The Nix Mann lecture series features a distinguished lecturer on campus each year.
Carson, who performed her poems “Cassandra Float Can” and “Bracko” in the Michael C. Carlos Museum, has received numerous awards for her work. These awards include the MacArthur Genius Award, Lannan Literary Award and the Pushcart Prize.
She serves as the distinguished poet in residence at New York University.
Carson began the lecture by reciting her poem “Cassandra,” during which 10 Emory student collaborators carried photos and a slideshow depicting different images on a screen.

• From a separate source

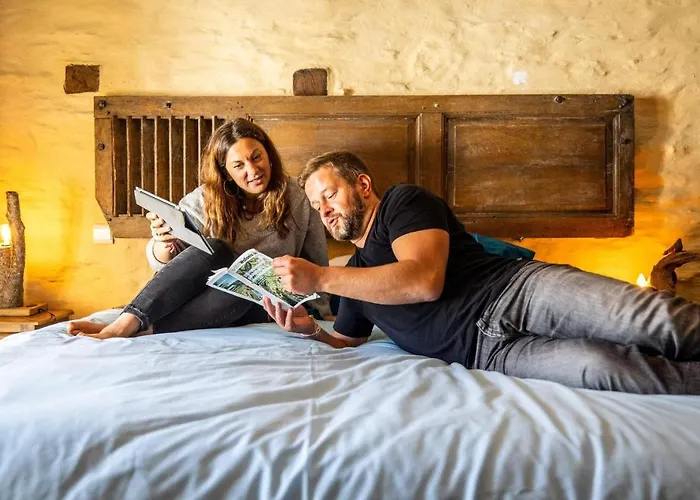 Manoir De Sterpigny, Chateau-ferme 17eme Siecle La Tour Holiday home *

“Cassandra” is based off of Carson’s translation of Aeschylus’ “Agamemnon.”
Cassandra, a princess of Troy, was blessed with prophetic vision, but was cursed so that no one would believe any of her prophecies.
She contrasted Cassandra, a witness to the gory Trojan War, with other observers of tumultuous times, including the architect Gordon Matta-Clark, who found beauty in splicing large objects such as buildings.

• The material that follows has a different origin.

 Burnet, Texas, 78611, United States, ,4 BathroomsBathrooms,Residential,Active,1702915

“Where is the edge of new?” Carson read. “What is the future doing under the past or Greek metrics in Trojan silence?”
Images of an individual ensconced in a net, the gritty exterior of a house and the rounded narrow view of a staircase flickered on the screen as Carson read.

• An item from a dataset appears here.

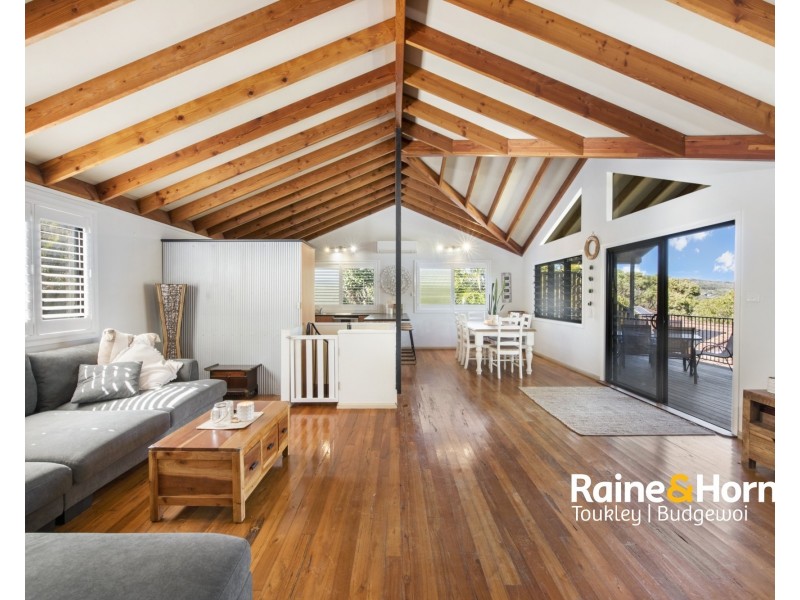 36 Morley Avenue, Bateau Bay NSW 2261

Carson performed “Bracko” with Emory philosophy professor Richard Patterson and Carson’s collaborator and New York artist Robert Currie.
“Bracko” utilized selections from Carson’s translations of the incomplete works of Sappho, the musician and poet who was born in 653 B.C. who lived on the island of Lesbos.
The incomplete text was marked by brackets, which was both in the written text and verbalized during the performance.
In lieu of dancers who were originally part of the piece, brackets of varying sizes and animation moved across the screen.
“Helen left her fine husband behind. … I would rather see her lovely step,” Carson recited in a monotonous tone.
As she chanted, others speakers’ voices would overlap with the repetition of “bracket bracket,” or complete her phrases with lines such as, “sing to us, the one with violets in her lap.”
Carson received a loud ovation from the crowded room at the conclusion of her presentation.
Carson’s visit to Emory was co-sponsored by the Luminaries in Art and Humanities series of the Office of the Provost, the Bill and Carol Fox Center for Humanistic Inquiry as well as the Poetry Council.
At the end of Carson’s lecture, she answered several questions from audience members who were curious about the tone of voice she used while she was reading her poems.
“I consciously try to scrape [when I read],” she explained.
Carson added that her monotonous voice was intended to remove vestiges of academia because she said she believed academia would clutter the meaning of the words.
“I just have the words be the words,” Carson said.
Carson served as a member of the Emory classics department in the 1980s.
Officials at the Carlos Museum, which hosted the event, wanted to invite Carson to lecture this year due to her strong ties with the classical world not only as a scholar but also as an imaginative poet, Director of Education Programs at the Carlos Museum Elizabeth Hornor said.
“One of the things that is important to the Carlos Museum is to try to demonstrate that the ancient world is a great source of inspiration for contemporary writers and artists,” Hornor said.
Anne Carson was a great choice for this year’s Nix Mann lecturer, Emory classicist and history professor Cynthia Patterson wrote in an e-mail to the Wheel.
“She is elegant and very funny,” Paterson wrote. “She is both a creative poet and an expert translator of Greek.”